• _Brief_
Starting with the line that contains "James Barnard Do", copy every line through the end of the listing, exactly and only those. No pictures should appear in the copy.

• _Exercise data_
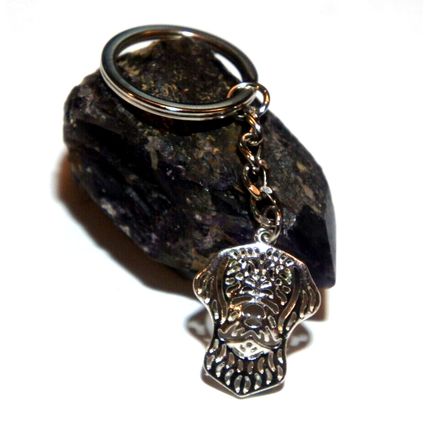 WIREHAIRED VIZSLA DOG KEY RING WITH KEY CHAIN & VELVET GIFT BAG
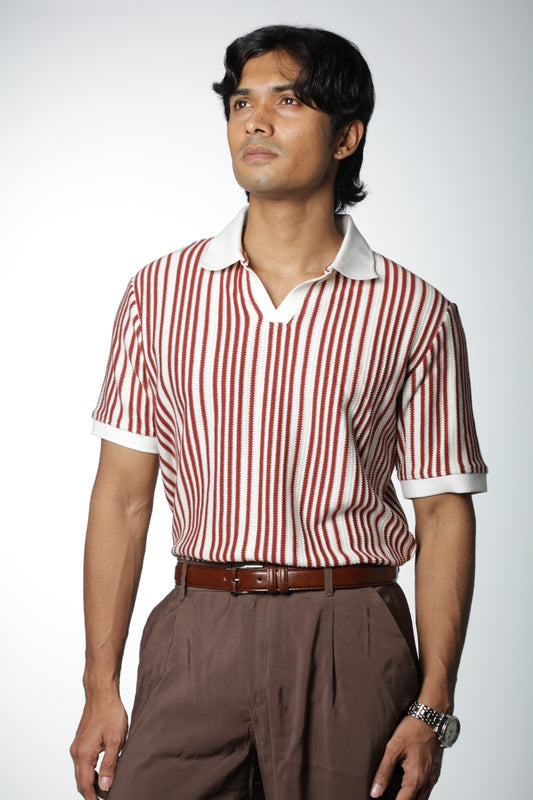 Knitted Polo - Maroon & White Stripe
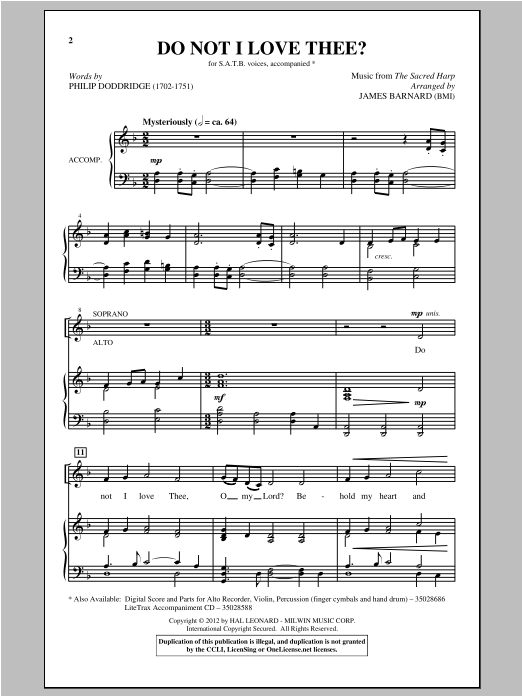 James Barnard Do Not I Love Thee? Sheet Music Notes & Chords for SATB - Download or Print PDF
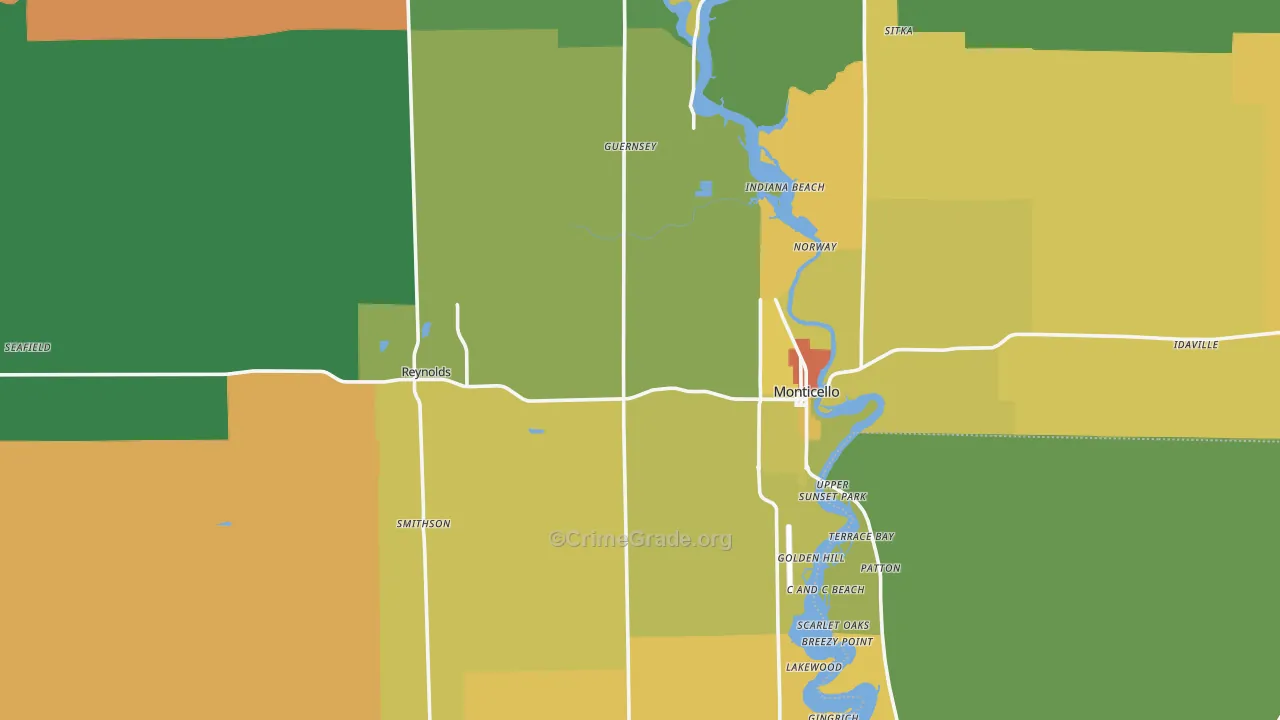 White County, IN Map of Murder Rates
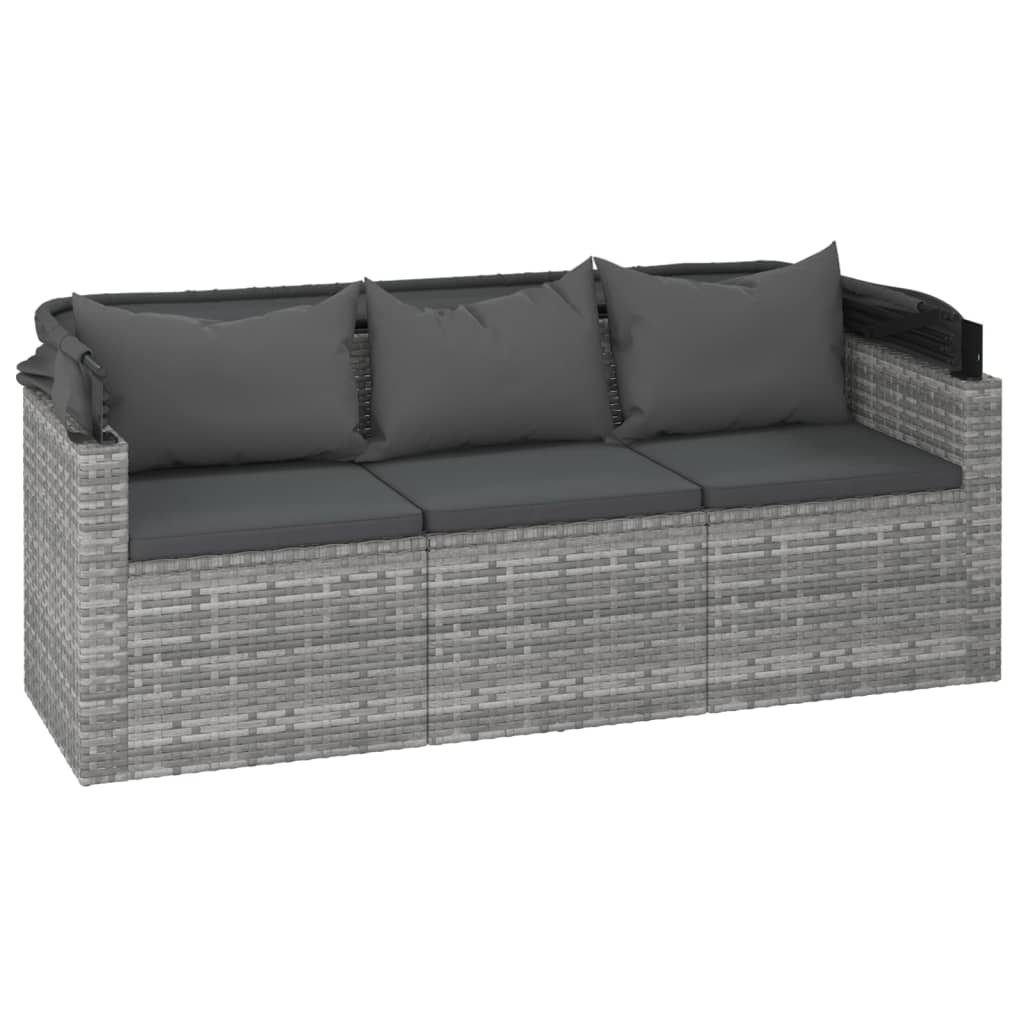 sofasæt til haven 4 dele med hynder polyrattan grå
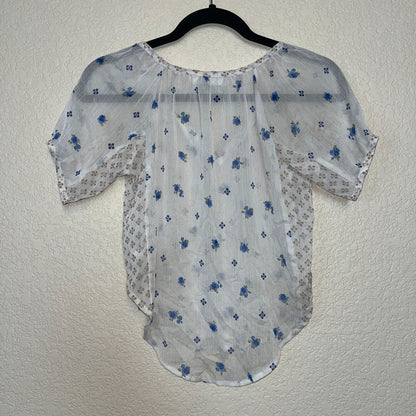 Abercrombie & Fitch Kids Girls Sz M Short Sleeve Semi Sheer Blouse Floral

• _Written response_
 James Barnard Do Not I Love Thee? Sheet Music Notes & Chords for SATB - Download or Print PDF
 White County, IN Map of Murder Rates
 sofasæt til haven 4 dele med hynder polyrattan grå
 Abercrombie & Fitch Kids Girls Sz M Short Sleeve Semi Sheer Blouse Floral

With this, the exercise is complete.